Engineers overhauled the structural design of the RAV4 to make it stronger and more resilient in the crash, Kuzumaki said.
The improvements added weight, he said. He declined to say how many pounds were added. But he said that they would be shed in the next full-model change built off redesigned platform.
The overlap tests simulate what happens when a driver crashes the left front quarter of a vehicle into an object such as a tree.
They are not yet included in the federal government's five-star ratings. But researchers say they are responsible for an outsized share of driving deaths. The IIHS ratings have become a major marketing factor for brands that perform well.

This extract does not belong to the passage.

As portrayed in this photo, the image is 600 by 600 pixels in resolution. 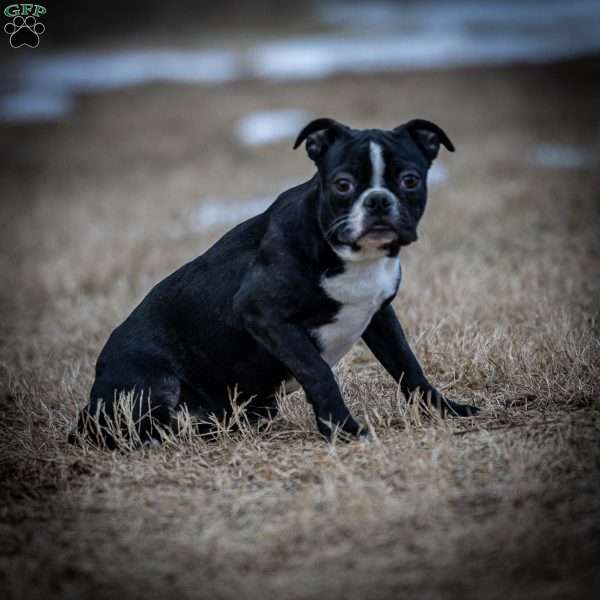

IIHS began using the small-overlap tests in 2012 but telegraphed the change to carmakers in 2009. Some manufacturers, including Honda Motor Co. and Subaru, were quicker to incorporate changes than others.
Active over passive
Engineers say Toyota has incorporated small-overlap safety features into its next-generation product platform, known as TNGA, short for Toyota New Global Architecture.
The first cars built under the new approach are scheduled for introduction in 2015.
Toyota is struggling to improve the old-school protections provided by technologies such as strong frames, even as it plunges into cutting-edge computer-driven active safety systems.
Chief Safety Technology Officer Moritaka Yoshida said automakers have reached a point of diminishing returns in eking improvements from passive systems such as stronger bodies and seat belts. Faster gains will come from technologies that prevent crashes in the first place, he said.
But he said there will likely be a change in the way bodies and frames are designed because of active safety systems.
That is because active safety systems will reduce the speeds at which accidents happen, when they can’t be prevented entirely. This will lessen the force of impact and possibly allow for new light-weighting technologies to be employed.